La figure glabre, osseuse, toute en creux et en saillies, du cardinal de la Rovère, devenait terrible, pendant qu’il parlait de son ennemi, et, sous les arcades proéminentes de ses sourcils, ses yeux semblaient foudroyer le Pontife absent.

Quant au cardinal de Sienne, — continuait-il, — c’était un Aragonais ! le Pape l’avait sûrement envoyé à l’instigation du roi de Naples qui était son parent ! tous ces Piccolomini ! ces « Pientins »[1]étaient les pires ennemis du parti français, neveux adoptés par Pie II, celui-là même qui avait donné aux Aragonais l’investiture du royaume de Naples ; il ne fallait pas le recevoir, cet ambassadeur, car il avait certainement une mission secrète contre le Roi, et le Pape ne l’avait pas désigné sans arrière-pensée !…
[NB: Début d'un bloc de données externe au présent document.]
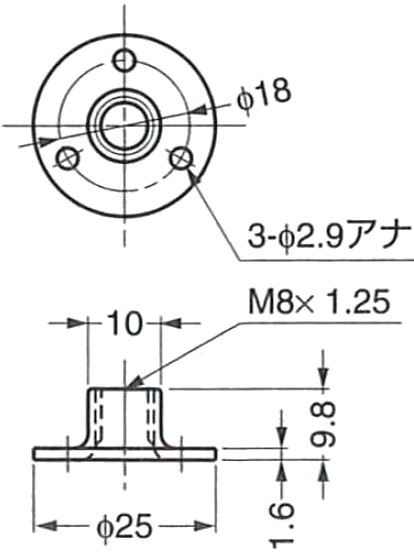 アジャスターベース AP5-M8 204A Ｍ8ネジ ランプ スガツネ工業 - 金物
Influencé par l’énergique apostrophe de Julien de la Rovère, le Roi avait donné ordre de congédier le messager.

Pendant ce temps, le cardinal Francesco Piccolomini, logé à Lucques au palais de l’archevêché, s’impatientait de n’avoir pas de réponse ; la réussite de sa mission lui semblait désormais bien incertaine ; il commençait à craindre un échec et se désespérait du discrédit que cela allait causer à son influence ; les rêves ambitieux s’envolaient de son esprit, et il écrivait au Pape les lettres suivantes :


VI. — LETTRES DU CARDINAL

Lucques, 5 novembre 1494[2].

Beatissime Pater post pedum oscula beatorum humilem commendationem

« J’ai écrit à Votre Sainteté que j’avais adressé mon secrétaire au Roi Très-Chrétien, disant que j’attendais Son bon plaisir pour me rendre à l’endroit qu’il voudrait bien me fixer. Aujourd’hui, mon messager n’est pas encore de retour, et je me suis

  1. « Gens de Pienza » et « neveux de Pie. »
  2. Cette lettre est la troisième en date, dans la collection Podocataro.